● Data supplied:
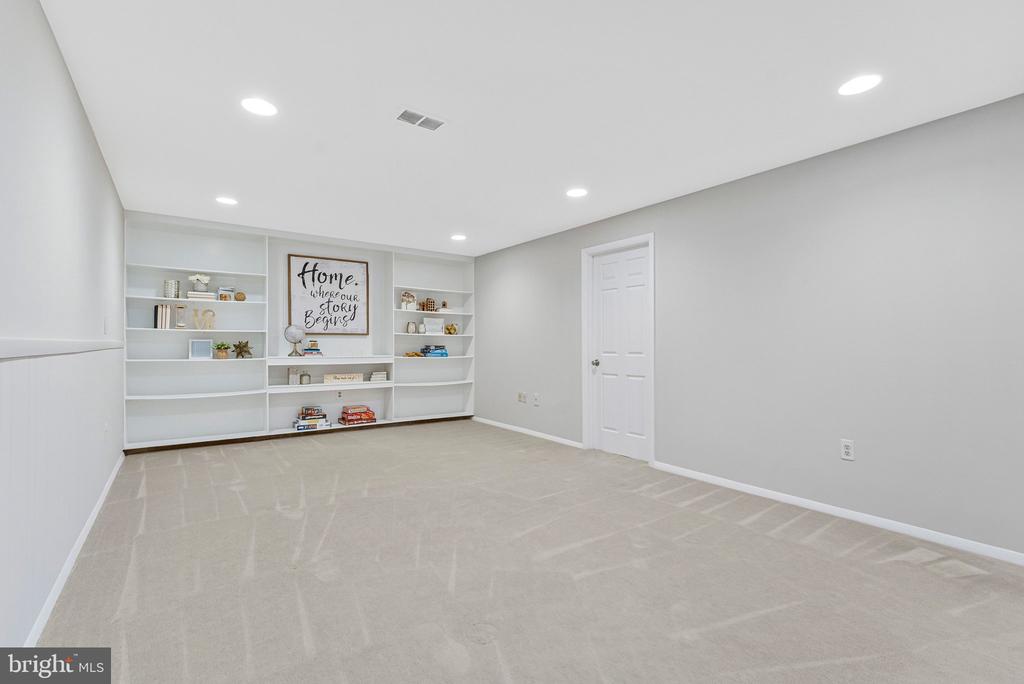 8422 BLEVINS WAY CT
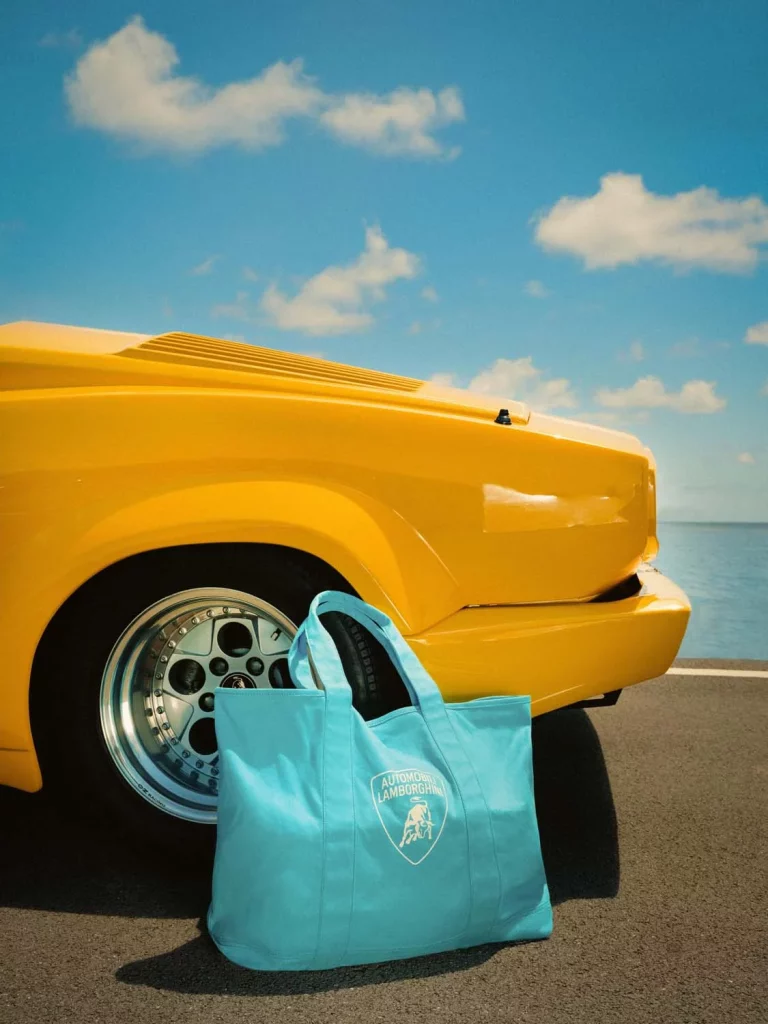 Lamborghini tiene la colección de ropa definitiva para ir a la playa el próximo verano 2 Motor16 Lamborghini Orlebar Brown4 Motor16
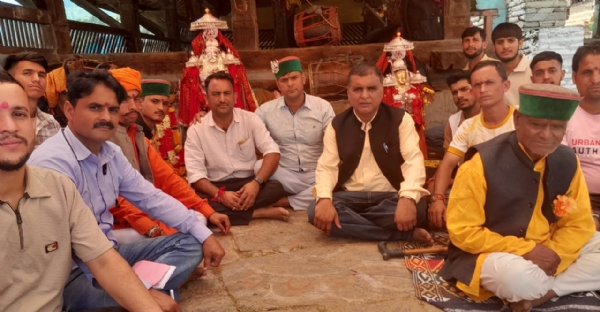 पांगणा बेहड़े से प्रस्थान करने से पूर्व गुग्गा व गुगड़ी।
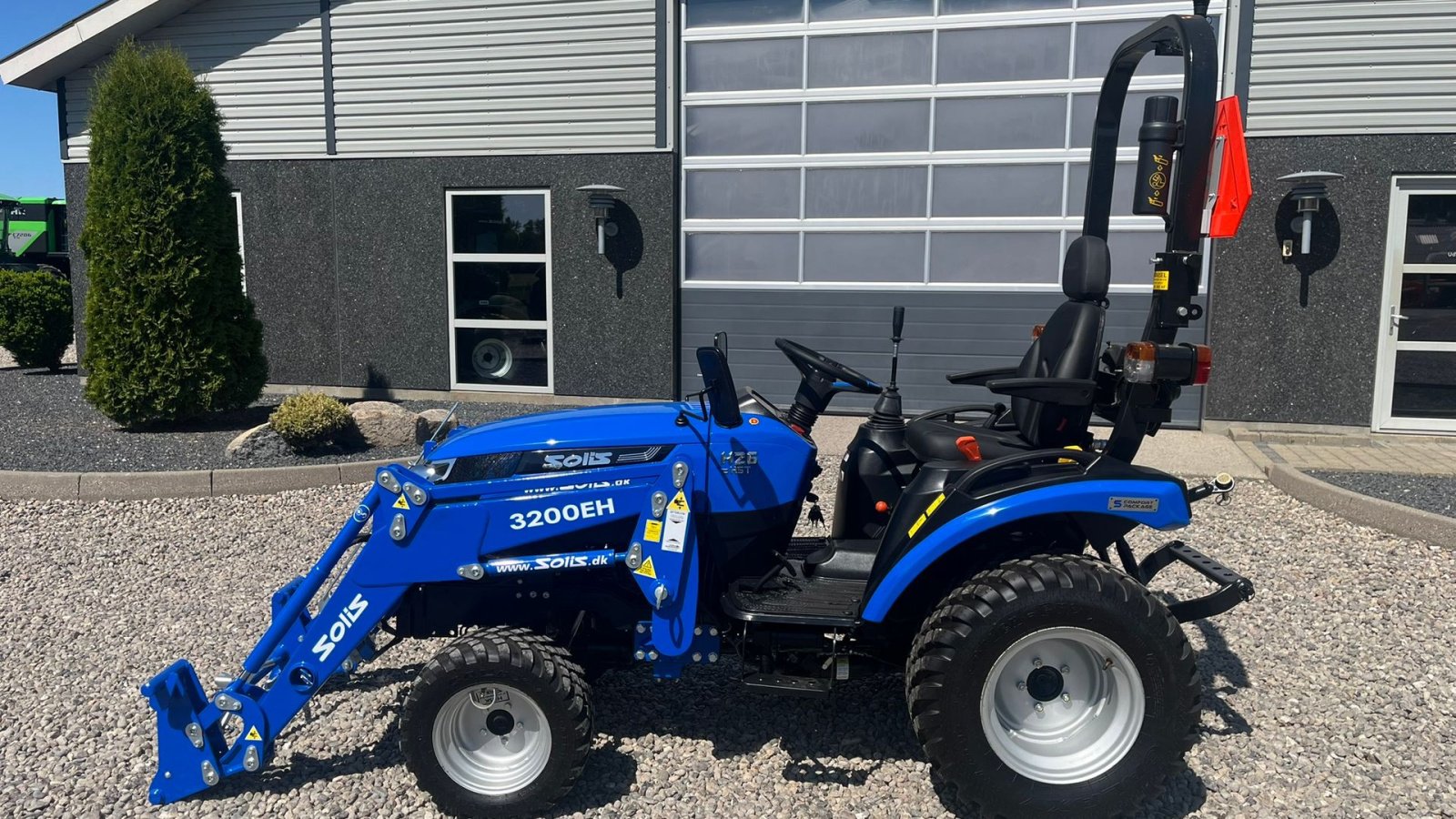 Geräteträger типа Solis H26 HST Med Frontlæsser og GardenPro dæk, Gebrauchtmaschine в Lintrup (Фотография 14)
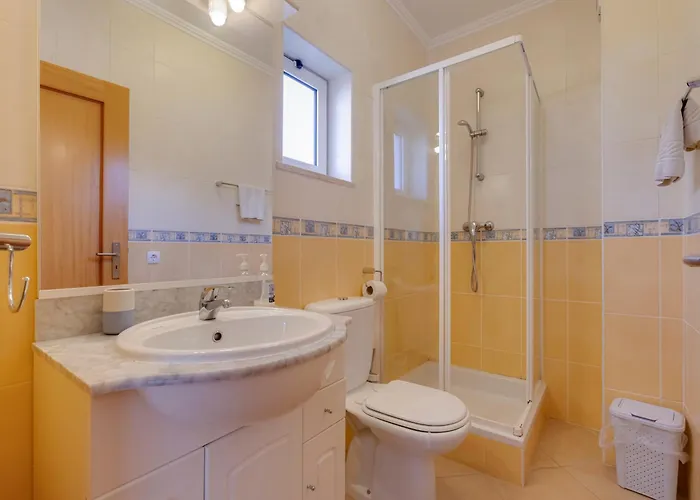 아파트 Beachside Oasis With Pool Senhora da Luz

● What to do:
Starting with the first line of the material, print each line exactly until you have printed the line with "पांगणा बेहड़े से", and skip the pictures.

● Expected output:
 8422 BLEVINS WAY CT
 Lamborghini tiene la colección de ropa definitiva para ir a la playa el próximo verano 2 Motor16 Lamborghini Orlebar Brown4 Motor16
 पांगणा बेहड़े से प्रस्थान करने से पूर्व गुग्गा व गुगड़ी।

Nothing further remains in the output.